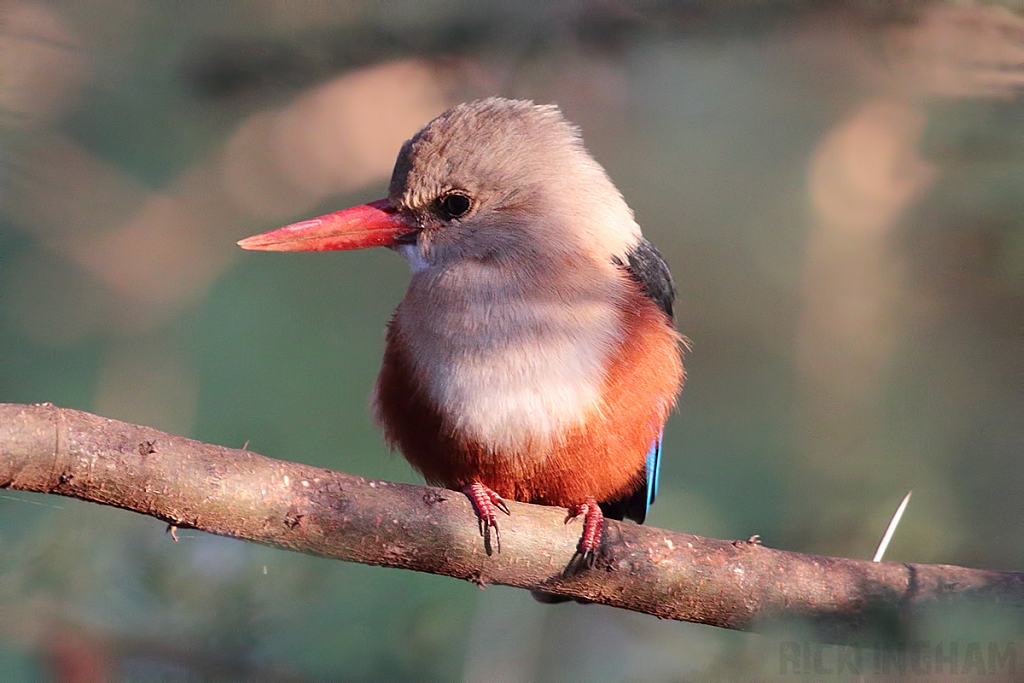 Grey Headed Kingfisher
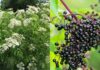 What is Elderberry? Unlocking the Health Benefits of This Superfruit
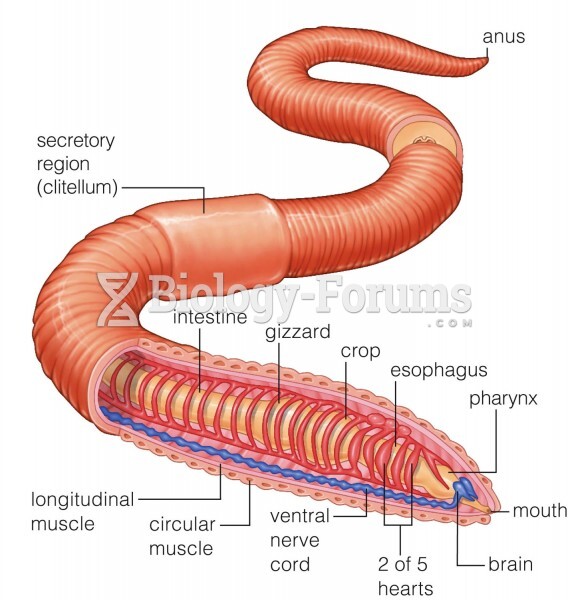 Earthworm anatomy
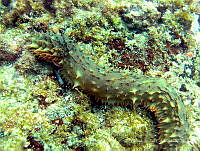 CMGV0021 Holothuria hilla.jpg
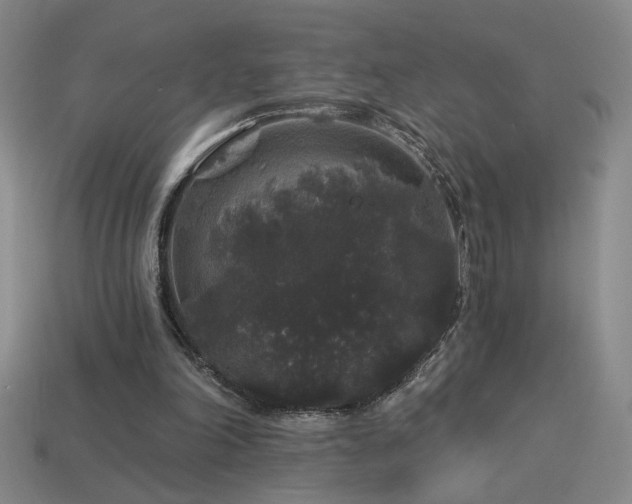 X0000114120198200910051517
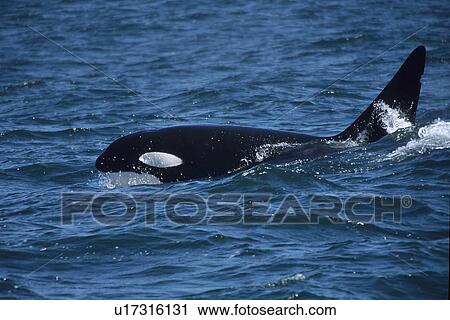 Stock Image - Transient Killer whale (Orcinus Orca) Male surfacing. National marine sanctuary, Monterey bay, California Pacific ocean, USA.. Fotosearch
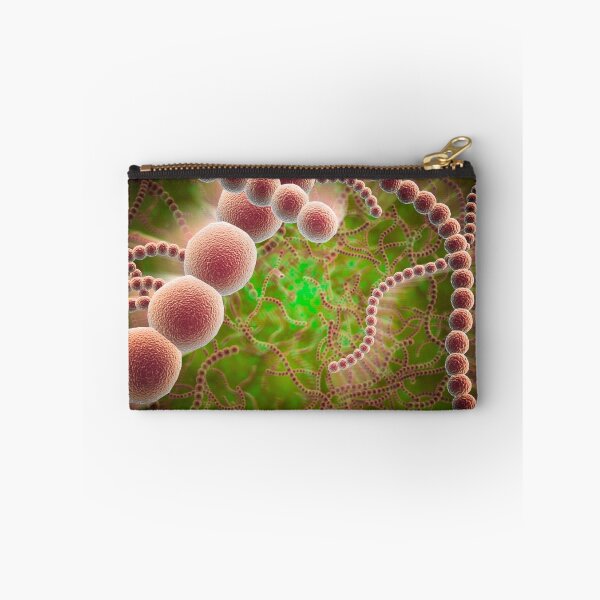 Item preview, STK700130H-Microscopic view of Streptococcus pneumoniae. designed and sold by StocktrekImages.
○ ○ ○ ○ ○
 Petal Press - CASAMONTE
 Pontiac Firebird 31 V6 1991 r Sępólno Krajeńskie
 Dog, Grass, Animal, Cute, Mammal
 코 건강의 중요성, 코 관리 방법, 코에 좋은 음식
○ ○ ○ ○ ○
YOUR TASK ->
In the data above, the stretch from the line with "Grey Headed Kingfisher" through the line with "Item preview, STK700130H-Microscopic" is to be returned exactly, minus any pictures.

RESPONSE ->
 Grey Headed Kingfisher
 What is Elderberry? Unlocking the Health Benefits of This Superfruit
 Earthworm anatomy
 CMGV0021 Holothuria hilla.jpg
 X0000114120198200910051517
 Stock Image - Transient Killer whale (Orcinus Orca) Male surfacing. National marine sanctuary, Monterey bay, California Pacific ocean, USA.. Fotosearch
 Item preview, STK700130H-Microscopic view of Streptococcus pneumoniae. designed and sold by StocktrekImages.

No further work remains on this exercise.